Among Biden’s rogues’ gallery of autocrats sit his domestic opponents, principally Trump supporters and other politically incorrect sections of the American electorate. China and Russia stand out as the main villains, followed by Hungary and Brazil. That Hungary and Brazil are democratic nations seems not to matter. Meanwhile, the likes of Saudi Arabia or Egypt – nations in which democracy is conspicuous by its absence – are not singled out for criticism by the Biden White House. His application of the terms autocracy and democracy is both opportunistic and dishonest.
Although this crusade is framed in the language of human rights and democracy, it can best be understood as a 21st-century version of cultural imperialism. For the Biden White House, what matters are not the classical principles of democracy and freedom, but the woke values associated with the politics of identity. As NS Lyons explains in an excellent essay, ‘Intersectional Imperialism and the Woke Cold War’, when Biden uses terms like ‘democratic progress’ and ‘human rights’ he means something very different to what those words meant in the past. From Biden’s perspective, democracy and human rights mean taking the knee, celebrating transgender ideology and renouncing heteronormativity and masculinity.
As soon as Biden assumed office, he set in motion this crusade against what he characterises as the global forces of autocracy. At the February 2021 virtual Munich Security Conference, he announced that ‘America is back’. He was seeking to lay out a new Cold War narrative and return America to its activist global role. But unlike the first Cold War, which mobilised the West against Communism, Cold War 2.0 would direct its fire at movements and governments that the Biden administration deems to be autocratic.
Biden has constantly reiterated this theme ever since. In March 2021, he referred to America’s relationship with China and Russia as a ‘battle between the utility of democracies in the 21st century and autocracies’. At that point in time, Biden’s main focus was China. He warned that China was aggressively seeking to become the most powerful nation in the world.

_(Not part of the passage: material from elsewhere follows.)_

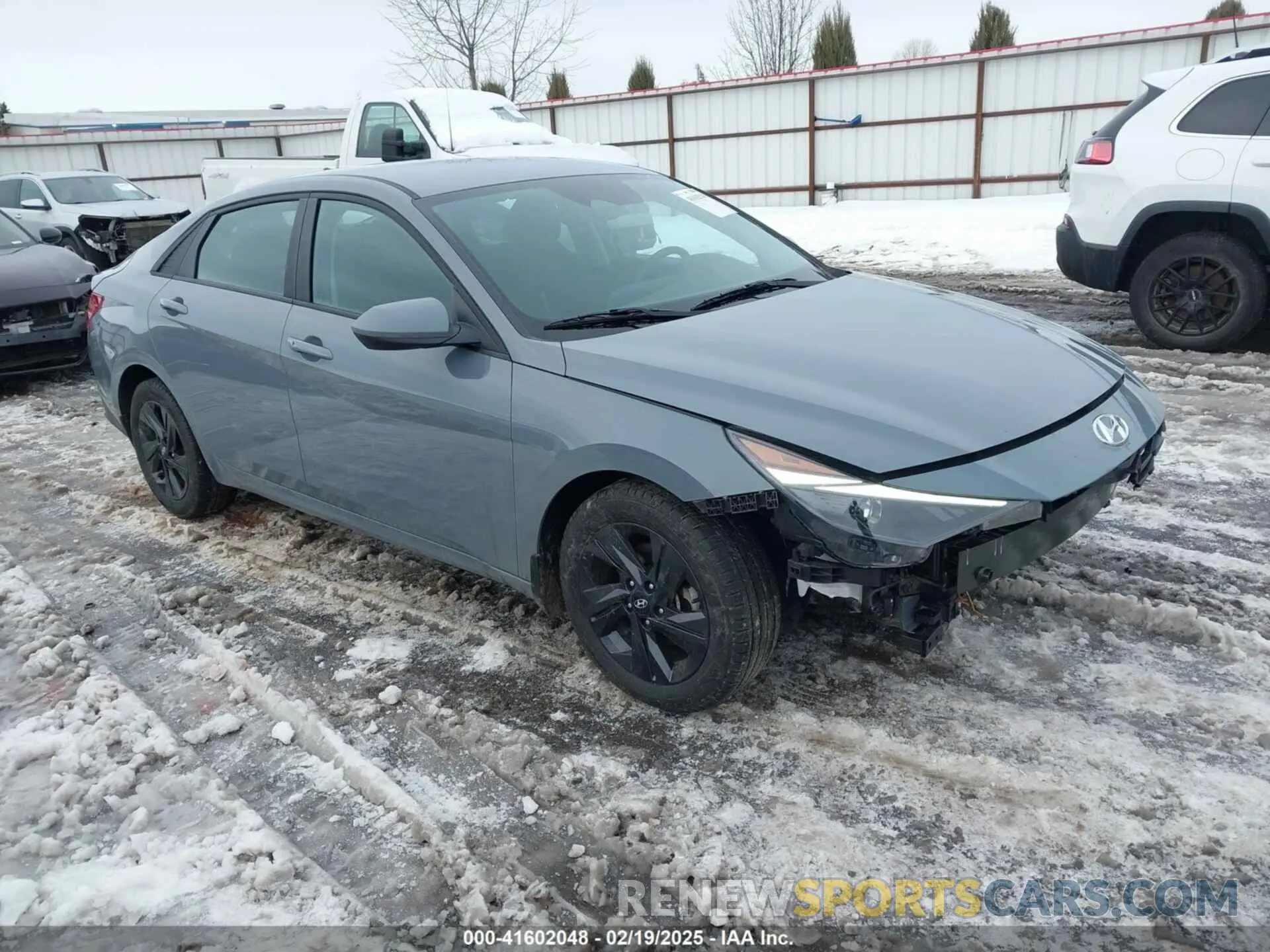 1 Фотография поврежденного автомобиля KMHLM4AG3NU335480 HYUNDAI ELANTRA 2022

This crusade against autocracy reached its culmination at the Summit for Democracy, a virtual jamboree hosted in Washington in December 2021. The explicit objective of the summit was to ‘renew democracy at home and confront autocracies abroad’. This exercise in propaganda, supported by 100 governments around the world and a veritable army of advocacy organisations and NGOs, provided an opportunity for interweaving the woke values pursued by the Biden administration at home with its foreign-policy objectives.

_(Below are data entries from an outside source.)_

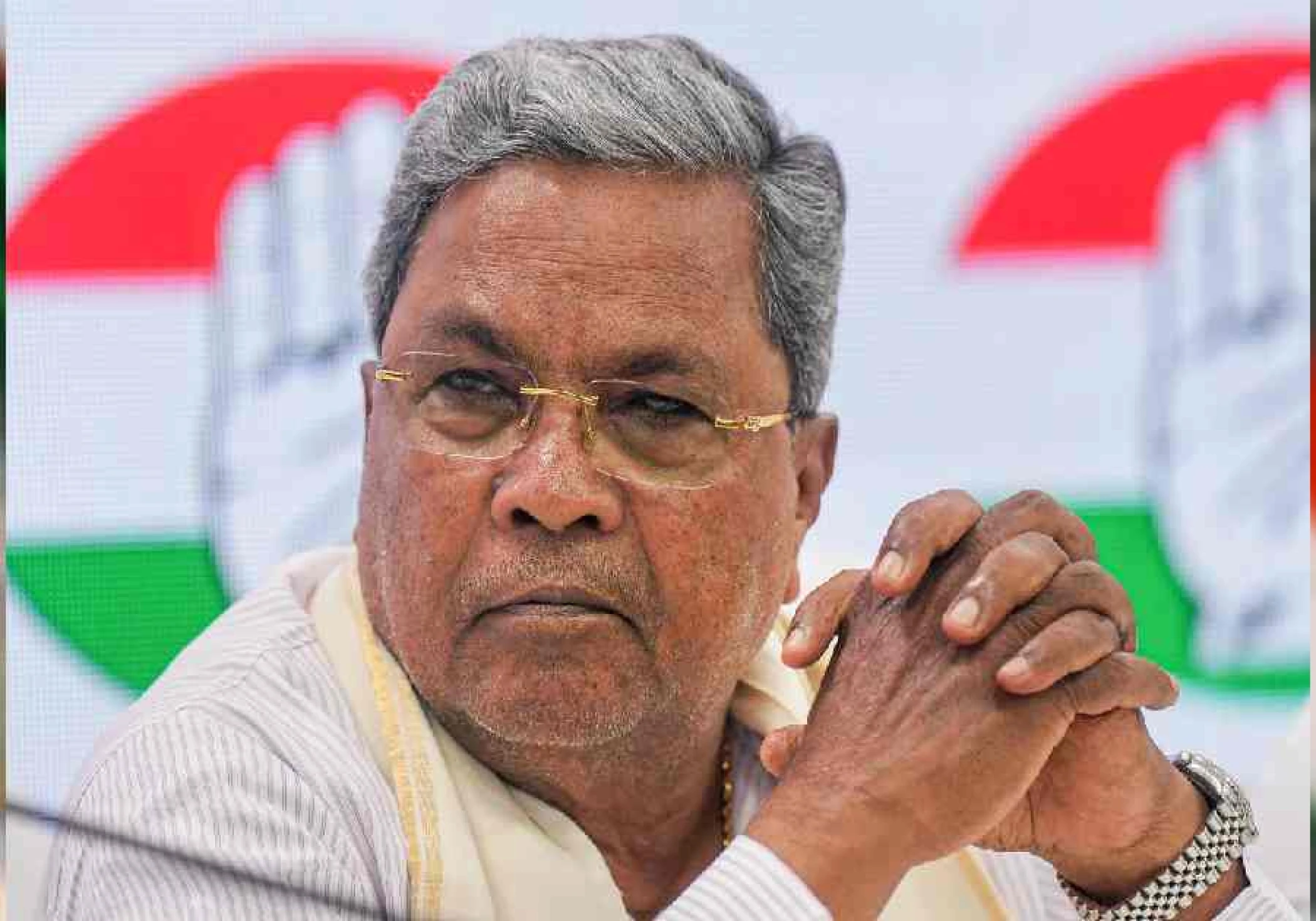 Ordinance soon on Kannada Signboards: Siddaramaiah Ordinance soon on Kannada Signboards: Siddaramaiah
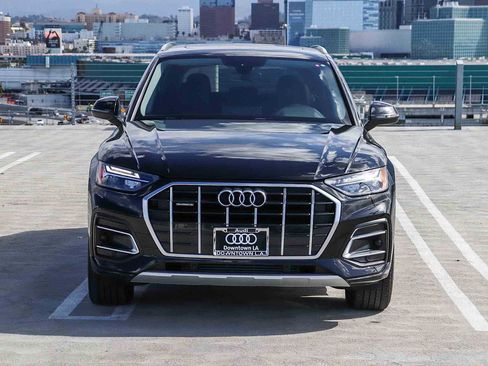 Used 2023 Audi Q5 2.0T Premium w/ Convenience Package AWD/4WD image 2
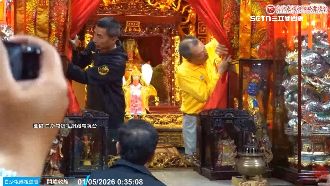 回宮12天開爐媽祖展聖顏　人潮擠爆拱天宮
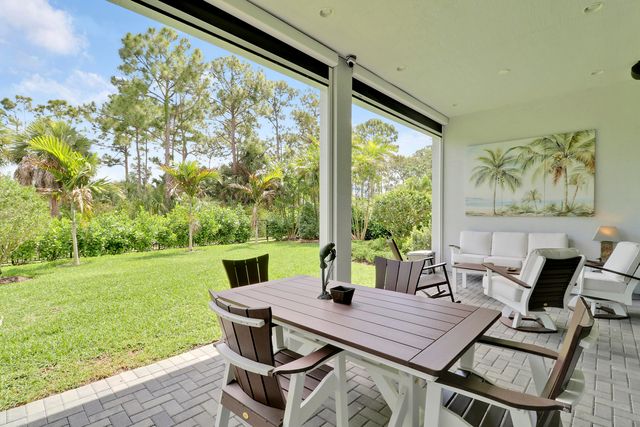 13242 Artisan Circle, Palm Beach Gardens, FL 33418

At the summit, the theme of ‘strengthening democracy and defending it against authoritarianism’ was linked with the promotion of ‘the human rights of activists, women and girls, youth, LGBTQI+ persons, persons with disabilities, and marginalised populations’. The Biden administration has consciously externalised America’s culture war, projecting it on to the global stage, while at the same time presenting the threat posed by Beijing and Moscow as analogous to the threat posed by the Trumpist hordes at home.
Following Biden’s State of the Union speech in January 2022, one commentator pointed out that the president had laid ‘his cards on the table’ to indicate that ‘in an era of strategic confrontation… the world must simultaneously fight a war for democracy and against the type of repression that led to the events of 6 January in the United States’. From this perspective, defeating Putin is the functional equivalent of striking a blow against Trump. In the months before Ukraine was invaded, this strategy of pursuing the culture war on two fronts – domestic and international – was in full flow. According to the scenario invoked by White House public-relations operatives, the enemy at home is no less a threat to democracy than the enemy abroad.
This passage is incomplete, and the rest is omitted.